Mr Dimery believed frontline police safety was being "compromised" and accused management of putting finance before people.
He also said Northland was "totally under-resourced" and officers were constantly required to take work that prevented them from focusing on cutting and preventing crime.
Police Commissioner Peter Marshall rejected Mr Dimery's claims, saying the police force was a "service" but it needed to be run in a business-like fashion because of "tough economic times".
He said good crime reduction results were being recorded across the country, and plans such as the expansion of the Crime Reporting Line would push more police out of the office and on to the streets.
A senior officer, who did not want his name published, said the staffing situation in Northland was no different from any other district.
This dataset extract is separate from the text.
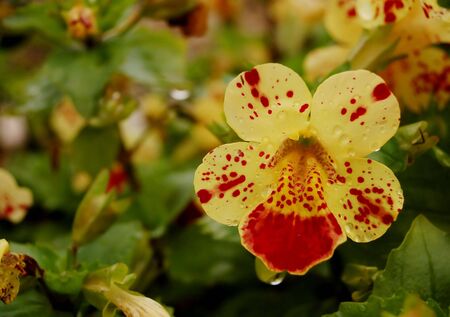 wet orchid の写真素材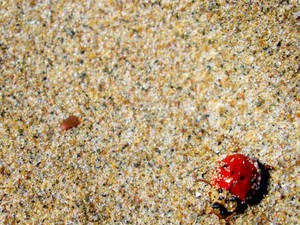 Beach Bug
Every area had had to cut non-sworn staff in a bid to prevent losing frontline officers. The downside was that the work those non-sworn staff were doing had to be absorbed by officers.
It was not an ideal situation, he said, but it was better than losing trained police.
"A lot of police staff are used to the way things were. But now we're facing what other people are facing in other government organisations and they are finding that hard. I think we have to go with the changes and carry on.
"That means there will be a small reduction in the level of non-urgent service. But we have to bite the bullet ... Some people are going to have to take up some extra work, there are some jobs that will have to be covered by sworn officers. Because of that the public are going to have to expect a lower standard of non-urgent service than they have had in the past.
"The commissioner says police is not a business, but it's run like one - and it has to be. If I thought the public were going to do it hard, I would speak out. I think Paul Dimery has spoken from the heart ... but I don't think it's fair to go off on that tangent."
Police Association president Greg O'Connor said Mr Dimery's comments reflected what other district and area commanders were telling him.
"They are concerned that the gains they have made [in crime reduction] are at risk to say the least," he said.
"At the same time as they are having to ensure their staff remain engaged, they are having to implement these cost cuts. They really are getting it from both sides. That's the real pressure that's being felt by these guys."
Mr O'Connor said it was not the first time police had faced this issue.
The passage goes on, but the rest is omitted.